Saturday, June 26, 2010

The Revolution Won't Be Marketed Properly

According to news reports I've seen this week, the iPhone is the new Star Wars (the movie series, not the missile defense system, though maybe it wouldn't be shocking for a future generation of the device to equipped with a built-in app for anti-aircraft fire). People are now lining up to buy technology the way they used to line up only for movies (or more recently, for video game systems).

While tech connoisseurs debate the quality of Apple's latest gadgets, one thing I think everyone can agree on is that Steve Jobs knows how to roll out a product. I've convinced that the smartphone and the iPad are still niche items, and for a lot of consumers, perhaps more fashion accessory than anything else. Yes, these devices have legitimate business applications, but I think for most people, including myself, a regular cell phone and computer are still enough to fulfill all their technological needs. (I'd contrast these devices with an mp3 player, which I would regard as a legitimately mainstream product, as it fulfills needs that CD players can't).
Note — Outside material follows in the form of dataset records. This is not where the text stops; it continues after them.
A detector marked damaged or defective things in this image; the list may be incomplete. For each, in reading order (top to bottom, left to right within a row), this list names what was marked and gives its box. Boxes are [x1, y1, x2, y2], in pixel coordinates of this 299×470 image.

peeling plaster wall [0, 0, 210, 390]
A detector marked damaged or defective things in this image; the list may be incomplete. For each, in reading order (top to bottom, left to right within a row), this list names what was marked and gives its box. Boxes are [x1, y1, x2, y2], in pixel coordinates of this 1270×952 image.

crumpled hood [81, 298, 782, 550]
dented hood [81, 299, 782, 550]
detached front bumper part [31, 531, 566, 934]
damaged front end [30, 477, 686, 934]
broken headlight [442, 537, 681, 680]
What makes Jobs's ability to get attention for the introduction of niche products impressive is that truly paradigm-shifting innovations have come out to much less fanfare. In fact, I'd assert that since (and including) the dawn of the World Wide Web, technologies have caught on with a slow burn, often virally, rather than with a sudden splash. Of course,I would presume that this is nothing new. I'm pretty sure that the day after Thomas Edison patented the light bulb there wasn't a rush to the Apple Store to put in preorders. But I find it interesting that now that technology has made communication instantaneous and information more accessible than ever before, that there is a still a gulf between what is available and what people know is available.

For example, society has been conditioned for decades to accept the concept of the video telephone. Anyone who watched The Jetsons in the 1960s accepted that along with robot housekeepers (which have actually been around for years now), video phones would be a staple of the future. Well, we now have it, and it's relatively cheap and easy to use, but a significant amount of people have no idea that the technology exists. (It doesn't help that it comes with names like "Skype"). I'm convinced that there is a huge underserved market out there--older people who otherwise would have little interest in technology who would love to see their grandchildren more regularly.
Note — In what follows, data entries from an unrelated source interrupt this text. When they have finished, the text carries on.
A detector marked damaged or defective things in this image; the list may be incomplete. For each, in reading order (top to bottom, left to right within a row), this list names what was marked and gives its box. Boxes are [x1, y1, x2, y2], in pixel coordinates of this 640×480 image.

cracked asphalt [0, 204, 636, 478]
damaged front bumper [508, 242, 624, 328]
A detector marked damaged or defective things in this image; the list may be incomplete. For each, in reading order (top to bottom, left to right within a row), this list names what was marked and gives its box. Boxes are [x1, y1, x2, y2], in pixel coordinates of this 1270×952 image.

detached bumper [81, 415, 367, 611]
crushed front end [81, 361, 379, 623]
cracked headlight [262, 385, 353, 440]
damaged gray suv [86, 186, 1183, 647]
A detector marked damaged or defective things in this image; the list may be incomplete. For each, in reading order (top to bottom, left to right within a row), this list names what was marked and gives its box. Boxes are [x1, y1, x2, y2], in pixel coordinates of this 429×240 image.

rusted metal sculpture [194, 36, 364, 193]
Another example: GPS units. Now that you can get one for under $100, it surprises me that anyone would own a car and not have access to satellite navigation, yet I'd estimate from anecdotal experience that the majority of drivers don't. Maybe I'm biased because I struggled for years to be able to find places, but the lure of never getting lost again seems too strong of a siren call to resist. Granted, I don't usually watch television commercials, but I don't remember any great fanfare introducing these products to the mainstream (though I do remember a confusing Super Bowl ad for Garmin a few years ago). I would think a product rollout with a "Never get lost again" tagline would have been gold in the bank for a sat-navigation company. But by not hyping GPS units back then as the "next big thing" (which I truly think they were/are, especially compared to iPads), there still exists a relatively soft market for them today.
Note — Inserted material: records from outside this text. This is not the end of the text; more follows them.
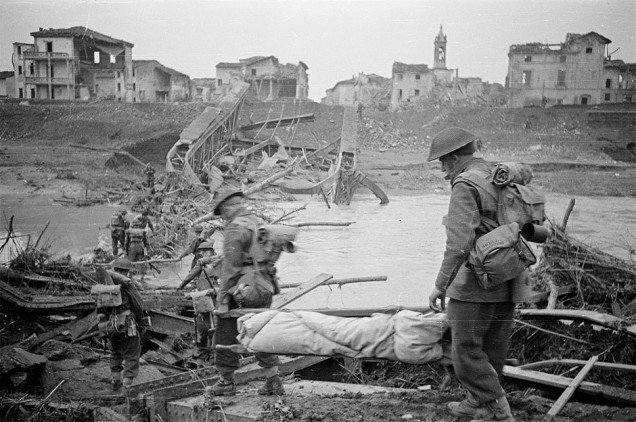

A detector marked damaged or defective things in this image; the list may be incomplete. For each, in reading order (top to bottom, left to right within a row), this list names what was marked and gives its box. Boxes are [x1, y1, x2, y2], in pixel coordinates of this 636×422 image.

damaged stone house [11, 26, 134, 102]
damaged stone house [134, 59, 191, 103]
damaged stone house [215, 55, 310, 101]
damaged stone house [320, 73, 390, 109]
damaged stone house [506, 31, 636, 107]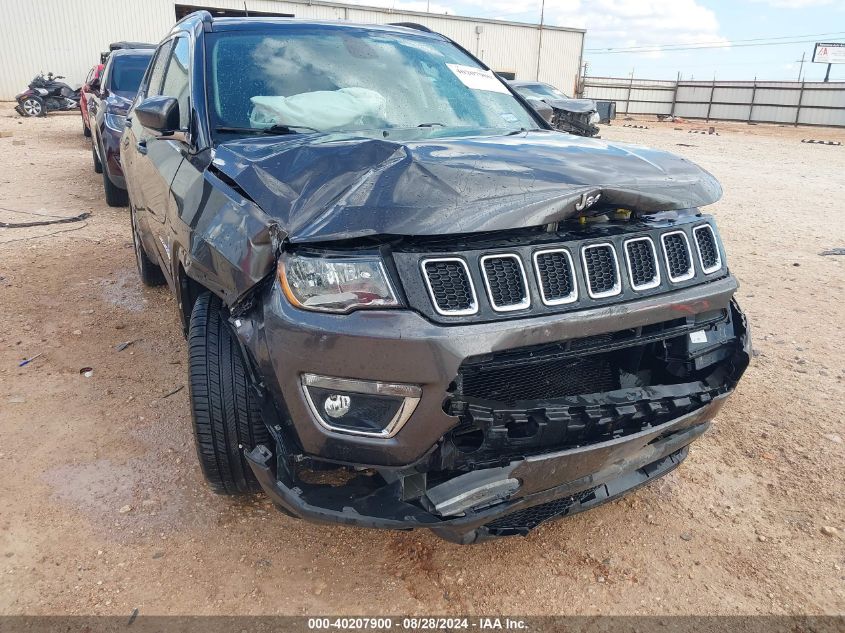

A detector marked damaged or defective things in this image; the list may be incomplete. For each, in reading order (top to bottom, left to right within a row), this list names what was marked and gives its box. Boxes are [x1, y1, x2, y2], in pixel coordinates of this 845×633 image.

crumpled hood [536, 98, 596, 114]
crumpled hood [209, 130, 720, 243]
damaged headlight housing [276, 251, 398, 312]
damaged gray suv [122, 11, 748, 544]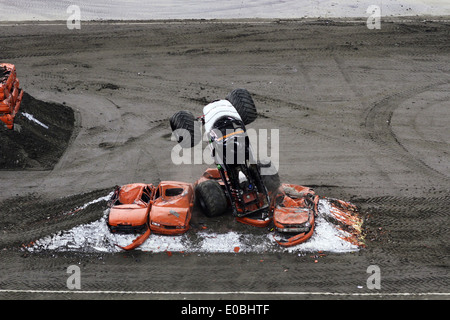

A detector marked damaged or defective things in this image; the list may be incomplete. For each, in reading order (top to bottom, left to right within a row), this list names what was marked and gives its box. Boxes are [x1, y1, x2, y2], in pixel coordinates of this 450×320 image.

crushed orange car [0, 63, 23, 129]
crushed orange car [108, 181, 195, 249]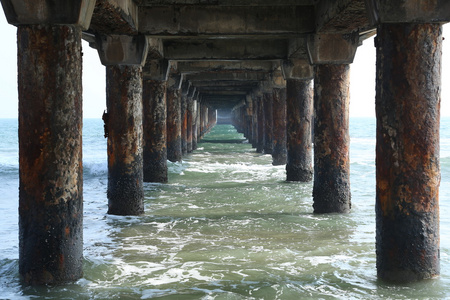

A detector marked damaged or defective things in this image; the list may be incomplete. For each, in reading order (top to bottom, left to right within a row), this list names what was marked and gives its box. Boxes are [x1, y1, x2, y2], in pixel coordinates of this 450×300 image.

corroded metal support [6, 0, 95, 286]
rusty steel column [17, 24, 84, 286]
rusty steel column [8, 0, 96, 284]
rusty steel column [104, 65, 143, 216]
corroded metal support [105, 65, 144, 216]
rusty steel column [142, 78, 167, 183]
corroded metal support [143, 59, 168, 183]
corroded metal support [165, 71, 183, 162]
rusty steel column [166, 73, 182, 162]
corroded metal support [270, 72, 288, 166]
rusty steel column [270, 85, 288, 166]
rusty steel column [284, 79, 312, 180]
corroded metal support [284, 58, 314, 180]
corroded metal support [286, 79, 312, 180]
corroded metal support [312, 63, 352, 213]
rusty steel column [312, 64, 352, 213]
rusty steel column [374, 22, 442, 282]
corroded metal support [374, 22, 442, 282]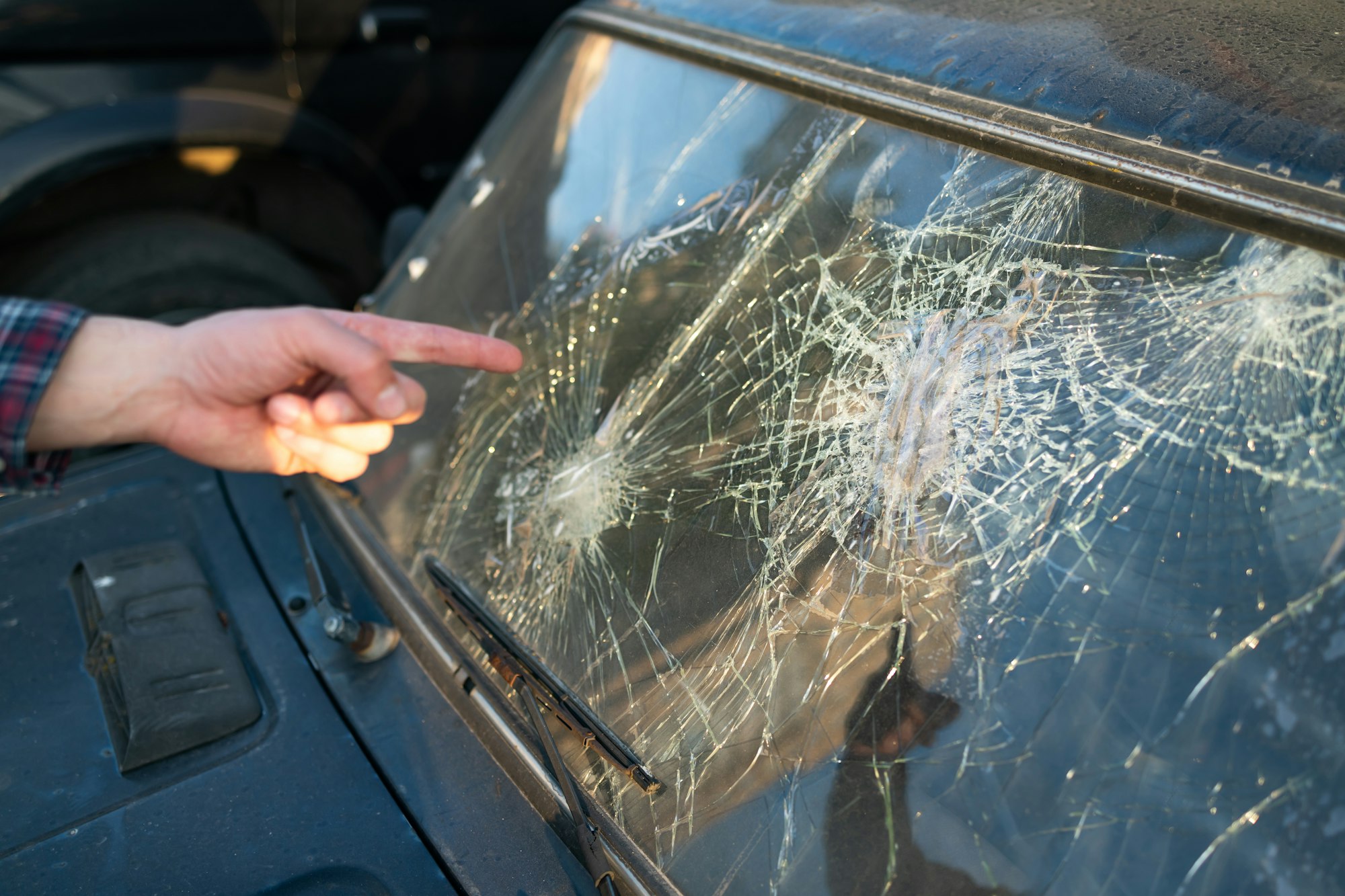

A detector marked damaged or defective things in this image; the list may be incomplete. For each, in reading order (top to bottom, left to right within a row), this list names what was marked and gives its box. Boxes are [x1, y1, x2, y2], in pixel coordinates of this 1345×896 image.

shattered windshield [358, 28, 1345, 896]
Going forward, it will be interesting to take notice of whether inventions and innovations continue to follow the old models for public acceptance, or if Steve Jobs's legacy encompasses marketing along with technology. One possible barometer: a real life "universal translator." Now that it has apparently been invented, how long will it take people to notice?


Anonymous Anonymous said...

"See the grandchildren" and "Never get lost again" only have meaning if I (as an older person) can make the gadget work. The marketing that would get me to consider a new device would have the tagline " and it promises not to make you feel stupid."

11:54 PM  
Anonymous Tim said...

What people need and what people buy are usually two very different things. But typing this on my iPod while outside grilling out is still pretty cool.

Also, there are GPS and light bulb apps for the iPhone/iPod touch/ipad.